Getting Grooved

By Will Carlin

This will date me. It was late summer, and, along with other Varsity athlete candidates, I was back on the campus of Deerfield Academy a few weeks early. My fall sport was soccer, and the days were long and hot. At our lunch break on the second day, I saw something that I will always remember: a fellow student was moving in line as though to a beat.

Attached to his belt was something that looked like a large paperback book, and coming out of it was a wire that split below his neck into two and went up to a pair of black headphones. The year was 1980, and he had something that had just recently been invented by Sony. It was called a Walkman.

For those of you who either were too young to remember or weren’t yet born, the Walkman was the precursor to the iPod, and it played cassette tapes. Before it was available to the public, the press lampooned the Walkman. Their point was that it was hard to imagine that anyone would be interested in a tape player without a record function. After all, the most popular tape recorder of the time had sold fewer than 15,000 units.

Sony, however, was unfazed by such criticism and pushed on with promotion—primarily to young people. A month after the Walkman became available in Japanese stores, it was sold out. And surprise! The device was popular with all consumers, not just those under 20. Within a year, the device was a worldwide sensation, and, much like the iPod when it was introduced, it soon was everywhere.

Before long, I had one, too. I was spending so much time solo practicing on the squash court (yup, even during soccer season) that it didn’t take me long to try to wearing the Walkman while hitting balls. I took a selection of tapes (I know that the Rocky soundtrack was one of them, but I don’t remember the others), I put on a canvas belt, and I hooked the Walkman to it and wore it in the small of my back. It was pretty heavy, I remember, but when I pressed play, and the music began, my only thought was: “This is going to be great.” I started to hit. Almost immediately, however, the tape skipped.

I tried moving the player to different spots along my belt, but nothing worked. I soon gave up.

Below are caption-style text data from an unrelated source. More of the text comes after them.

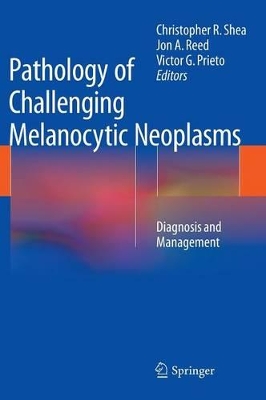 Pathology of Challenging Melanocytic Neoplasms book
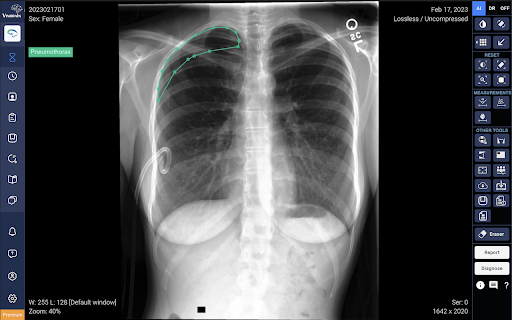 DrAid™ - AI for Radiology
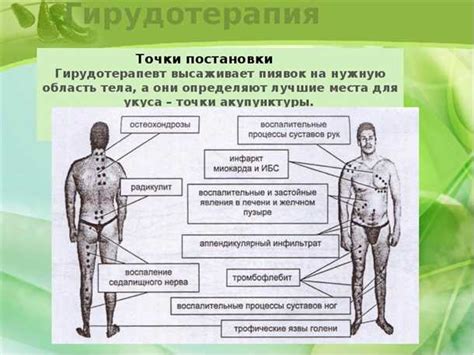 Альтернативные методы использования пиявок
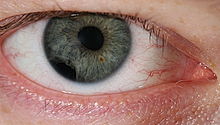 A blue eye shown with iris partially moved into the pupil from the outside edge.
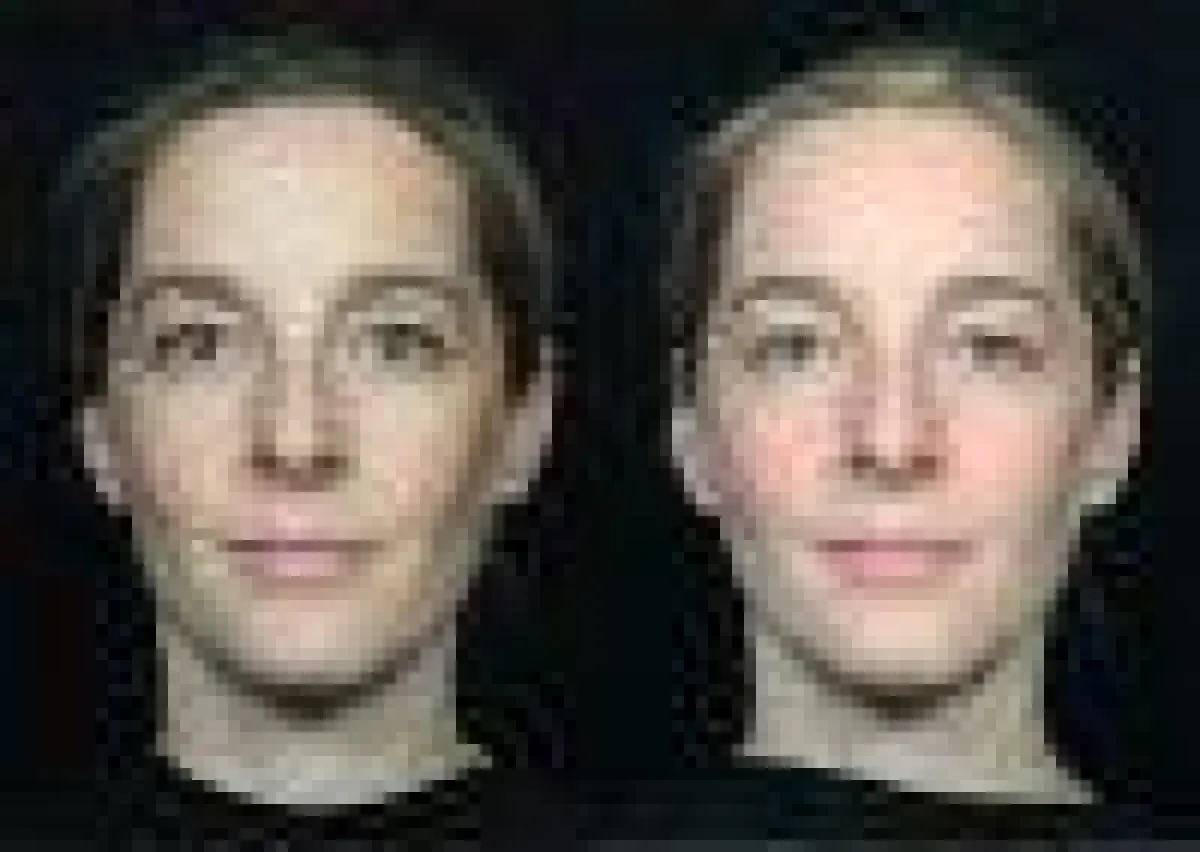 Vor dem Laserpeel und 10 Tage danach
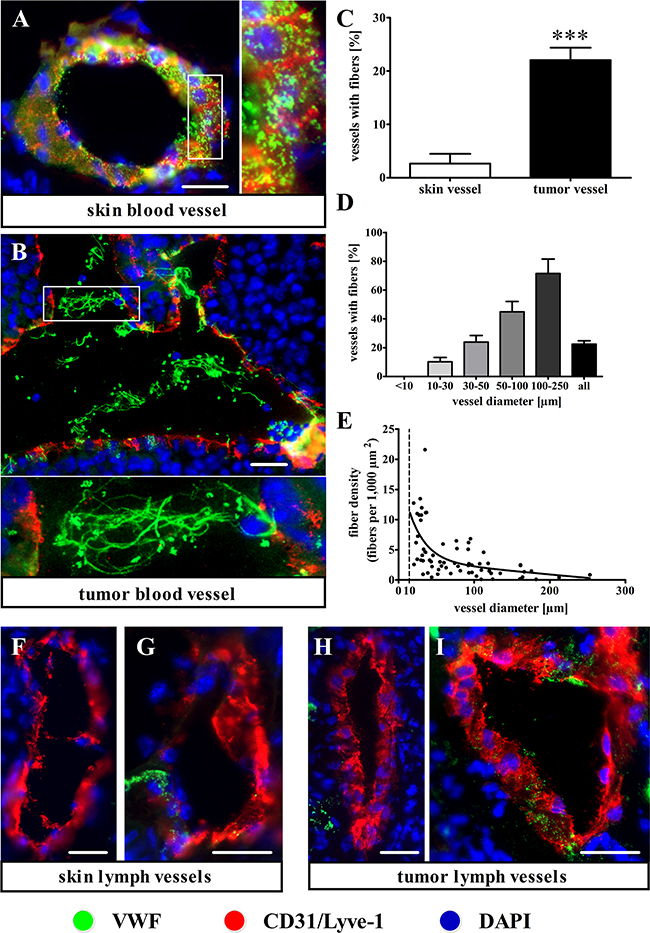 Immunofluorescence staining shows intraluminal VWF fiber formation in the tumor blood vessels of intradermal melanoma tissue.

It was a cool idea, I thought, to listen to music while practicing, but it didn’t really work. When portable CD players came out, a bunch of them had anti-skip functions, and I tried again. But the violence of hitting a squash ball was just too much.

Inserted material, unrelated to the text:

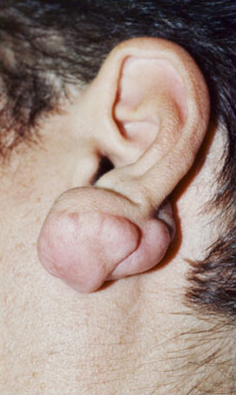 KELOID SCARS patient before photo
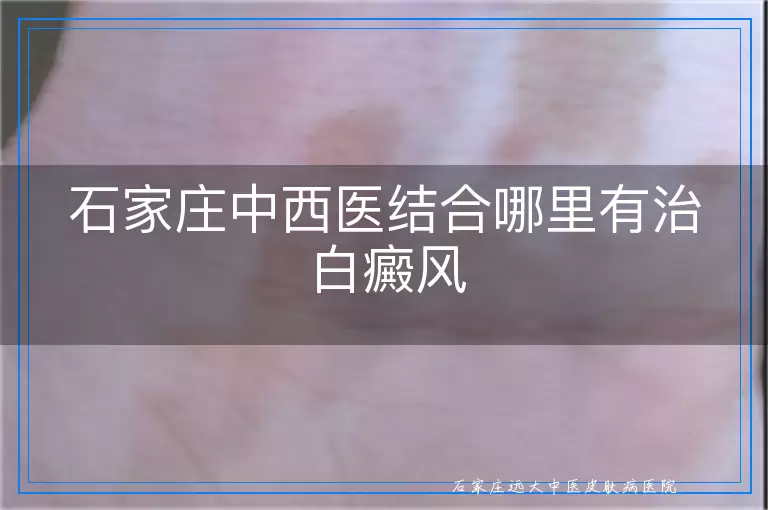 石家庄中西医结合哪里有治白癜风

These days, of course, the story is completely different. MP3 players have no moving parts and have become so small that listening to music while doing virtually any athletic activity is not only possible, it is almost commonplace. At most health clubs in the US, for example, the people listening to their own tunes far outnumber those who aren’t.

So now that I am finally able to practice to music, I sometimes find that I don’t want to; every now and then, I feel like I need to concentrate, and I find the music distracting. That sort of makes sense, but then there are other times when listening to music seems actually to help. What’s going on here?

As with anything that involves the brain, it’s a bit complicated. First, close your eyes and get a clear picture in your head of the capital letter E. Imagine traveling around the letter and saying “in” or “out” as you come upon each corner depending on which way the corner faces. Now do it again and point your finger to the left for “in” and to the right for “out.” While some people are fairly close in speed between the two, most find that they can say the words much faster than they can point.

It turns out that both pointing and imagining engage the visual cortex while saying something out loud is a verbal function; the brain is well capable of engaging two different centers at the same time, but is less good at engaging the same area of the brain for two different tasks. So pointing takes longer.

Interestingly, when you are learning a new physical skill, your verbal center is engaged (think about saying to yourself, “Get the racquet back” as you are working with a coach), so listening to music with words can be counter-productive when you still are working things out on a new stroke. But fans of the classic book The Inner Game of Tennis by W. Timothy Gallwey will remember that once you are grooved, this talking to yourself stuff can really get in the way.

Almost by definition, getting a stroke grooved moves it from a conscious thought to a sub-conscious one, and it is fairly well established that the sub-conscious is much more powerful at getting the body to perform than the conscious. So listening to music, even with words, when you are practicing grooved strokes, may actually help engage the conscious mind and let the sub-conscious do its work. In other words, you might find yourself hitting better drop shots while listening to your favorite artist (who would have ever thought that Britney Spears might help your squash game?).

There is one more important point to consider, however, and that is the phenomenon of state-dependent learning. Anyone who took Psych 101 as a college student probably remembers the example that if you learn something while drunk, you may not be able to remember it while sober (and yet the next time you are drunk, you may recall right way). So, if you practice all the time with music, you may find your strokes not quite as tight in a match.

Of course, there is a way around this: pro skateboarders and snowboarders often wear headphones while competing (Gold medalist Sean White lists the best “shredding” tunes on his website). Perhaps we aren’t so far away from the day when a player who asks a referee, “What did you say?” isn’t mocking the official; he just has his tunes up a little too loud.